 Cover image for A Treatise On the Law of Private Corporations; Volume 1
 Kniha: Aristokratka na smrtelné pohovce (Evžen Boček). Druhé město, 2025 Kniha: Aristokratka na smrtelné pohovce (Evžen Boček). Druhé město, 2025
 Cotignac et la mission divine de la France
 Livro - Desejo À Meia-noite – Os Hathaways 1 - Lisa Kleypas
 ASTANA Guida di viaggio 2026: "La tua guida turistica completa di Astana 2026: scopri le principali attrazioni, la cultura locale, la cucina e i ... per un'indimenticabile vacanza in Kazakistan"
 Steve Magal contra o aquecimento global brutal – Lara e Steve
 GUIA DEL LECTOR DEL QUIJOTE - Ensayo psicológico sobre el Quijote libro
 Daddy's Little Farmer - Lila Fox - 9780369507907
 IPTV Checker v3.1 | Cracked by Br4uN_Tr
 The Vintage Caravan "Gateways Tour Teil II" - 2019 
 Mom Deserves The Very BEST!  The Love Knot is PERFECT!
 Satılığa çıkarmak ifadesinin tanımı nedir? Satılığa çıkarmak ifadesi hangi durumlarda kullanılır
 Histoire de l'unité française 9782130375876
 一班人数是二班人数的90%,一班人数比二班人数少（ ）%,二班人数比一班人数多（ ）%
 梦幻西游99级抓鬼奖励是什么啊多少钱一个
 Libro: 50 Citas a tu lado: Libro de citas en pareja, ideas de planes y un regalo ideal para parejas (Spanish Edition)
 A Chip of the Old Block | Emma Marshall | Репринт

───

After reading the listing above, print each line back exactly.

 Cover image for A Treatise On the Law of Private Corporations; Volume 1
 Kniha: Aristokratka na smrtelné pohovce (Evžen Boček). Druhé město, 2025 Kniha: Aristokratka na smrtelné pohovce (Evžen Boček). Druhé město, 2025
 Cotignac et la mission divine de la France
 Livro - Desejo À Meia-noite – Os Hathaways 1 - Lisa Kleypas
 ASTANA Guida di viaggio 2026: "La tua guida turistica completa di Astana 2026: scopri le principali attrazioni, la cultura locale, la cucina e i ... per un'indimenticabile vacanza in Kazakistan"
 Steve Magal contra o aquecimento global brutal – Lara e Steve
 GUIA DEL LECTOR DEL QUIJOTE - Ensayo psicológico sobre el Quijote libro
 Daddy's Little Farmer - Lila Fox - 9780369507907
 IPTV Checker v3.1 | Cracked by Br4uN_Tr
 The Vintage Caravan "Gateways Tour Teil II" - 2019 
 Mom Deserves The Very BEST!  The Love Knot is PERFECT!
 Satılığa çıkarmak ifadesinin tanımı nedir? Satılığa çıkarmak ifadesi hangi durumlarda kullanılır
 Histoire de l'unité française 9782130375876
 一班人数是二班人数的90%,一班人数比二班人数少（ ）%,二班人数比一班人数多（ ）%
 梦幻西游99级抓鬼奖励是什么啊多少钱一个
 Libro: 50 Citas a tu lado: Libro de citas en pareja, ideas de planes y un regalo ideal para parejas (Spanish Edition)
 A Chip of the Old Block | Emma Marshall | Репринт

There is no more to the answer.